Produce a verbatim transcription of the records below, beginning at the line containing "holistic development through" and ending at the final line; include only those lines.

Collection entries
********************

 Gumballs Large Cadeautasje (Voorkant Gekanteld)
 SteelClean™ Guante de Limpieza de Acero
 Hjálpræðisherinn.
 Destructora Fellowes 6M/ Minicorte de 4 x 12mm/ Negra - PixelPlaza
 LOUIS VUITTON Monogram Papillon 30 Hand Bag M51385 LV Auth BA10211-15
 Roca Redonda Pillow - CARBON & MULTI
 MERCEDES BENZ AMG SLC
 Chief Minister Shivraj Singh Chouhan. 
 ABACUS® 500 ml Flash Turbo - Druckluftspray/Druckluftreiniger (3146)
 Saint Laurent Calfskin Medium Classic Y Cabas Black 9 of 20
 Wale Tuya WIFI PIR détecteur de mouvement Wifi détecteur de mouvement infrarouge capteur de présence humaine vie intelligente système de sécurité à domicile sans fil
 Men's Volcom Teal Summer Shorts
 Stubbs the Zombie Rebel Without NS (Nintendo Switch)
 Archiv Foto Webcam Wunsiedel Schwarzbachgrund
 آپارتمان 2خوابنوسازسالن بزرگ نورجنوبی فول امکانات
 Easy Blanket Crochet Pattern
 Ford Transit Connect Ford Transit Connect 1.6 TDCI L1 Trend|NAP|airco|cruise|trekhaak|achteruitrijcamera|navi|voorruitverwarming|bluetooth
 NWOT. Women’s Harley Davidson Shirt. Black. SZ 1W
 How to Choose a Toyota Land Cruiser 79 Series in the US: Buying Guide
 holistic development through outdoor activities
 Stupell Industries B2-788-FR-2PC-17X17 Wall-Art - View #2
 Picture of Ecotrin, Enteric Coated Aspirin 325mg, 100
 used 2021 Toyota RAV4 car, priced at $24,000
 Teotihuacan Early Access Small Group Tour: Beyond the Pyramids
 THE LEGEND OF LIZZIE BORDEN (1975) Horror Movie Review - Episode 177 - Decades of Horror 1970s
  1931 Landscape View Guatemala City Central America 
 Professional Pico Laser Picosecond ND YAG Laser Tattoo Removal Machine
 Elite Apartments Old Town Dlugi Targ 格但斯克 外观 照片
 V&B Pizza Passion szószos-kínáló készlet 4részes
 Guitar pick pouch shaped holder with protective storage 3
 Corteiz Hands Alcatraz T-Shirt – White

********************

** Answer to the problem **
 holistic development through outdoor activities
 Stupell Industries B2-788-FR-2PC-17X17 Wall-Art - View #2
 Picture of Ecotrin, Enteric Coated Aspirin 325mg, 100
 used 2021 Toyota RAV4 car, priced at $24,000
 Teotihuacan Early Access Small Group Tour: Beyond the Pyramids
 THE LEGEND OF LIZZIE BORDEN (1975) Horror Movie Review - Episode 177 - Decades of Horror 1970s
  1931 Landscape View Guatemala City Central America 
 Professional Pico Laser Picosecond ND YAG Laser Tattoo Removal Machine
 Elite Apartments Old Town Dlugi Targ 格但斯克 外观 照片
 V&B Pizza Passion szószos-kínáló készlet 4részes
 Guitar pick pouch shaped holder with protective storage 3
 Corteiz Hands Alcatraz T-Shirt – White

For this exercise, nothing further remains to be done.